*** Records shown ***
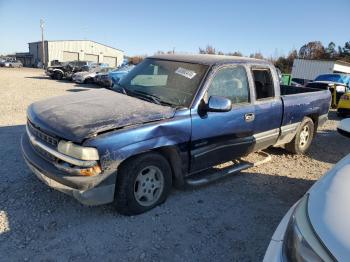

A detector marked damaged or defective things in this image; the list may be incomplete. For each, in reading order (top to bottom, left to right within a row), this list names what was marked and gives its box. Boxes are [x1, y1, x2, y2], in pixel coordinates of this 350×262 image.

damaged hood [27, 88, 176, 142]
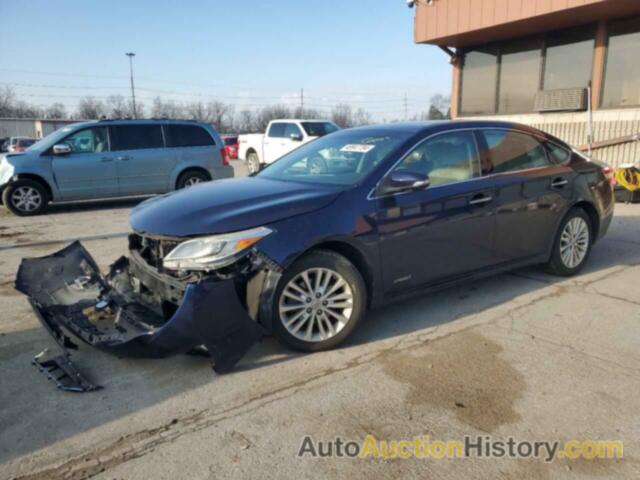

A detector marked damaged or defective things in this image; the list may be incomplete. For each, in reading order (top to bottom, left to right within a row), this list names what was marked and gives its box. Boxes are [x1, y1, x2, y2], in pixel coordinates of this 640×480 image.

crumpled bumper [15, 242, 264, 392]
front end damage [13, 238, 280, 392]
broken headlight assembly [162, 227, 272, 272]
damaged hood [127, 175, 342, 237]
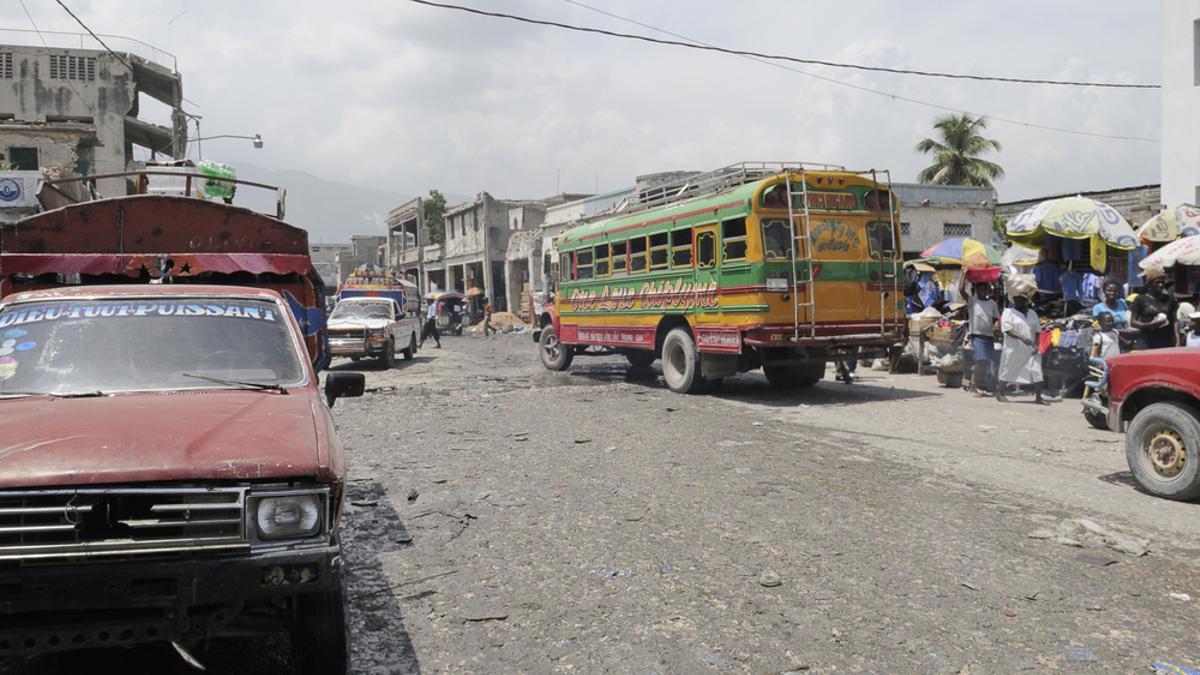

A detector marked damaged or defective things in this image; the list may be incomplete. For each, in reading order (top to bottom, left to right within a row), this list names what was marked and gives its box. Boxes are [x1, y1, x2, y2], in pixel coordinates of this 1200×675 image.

damaged concrete building [0, 35, 186, 214]
rusty vehicle [1, 169, 328, 370]
rusty vehicle [0, 284, 364, 672]
cracked asphalt road [9, 332, 1200, 672]
rusty vehicle [1080, 352, 1200, 500]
*** End of Records shown ***
(Task item):
Retype exactly the lines from the one containing "this 1200×675 image." through the last line of the records above, including both.

(Answer to this problem):
A detector marked damaged or defective things in this image; the list may be incomplete. For each, in reading order (top to bottom, left to right within a row), this list names what was marked and gives its box. Boxes are [x1, y1, x2, y2], in pixel coordinates of this 1200×675 image.

damaged concrete building [0, 35, 186, 214]
rusty vehicle [1, 169, 328, 370]
rusty vehicle [0, 284, 364, 672]
cracked asphalt road [9, 332, 1200, 672]
rusty vehicle [1080, 352, 1200, 500]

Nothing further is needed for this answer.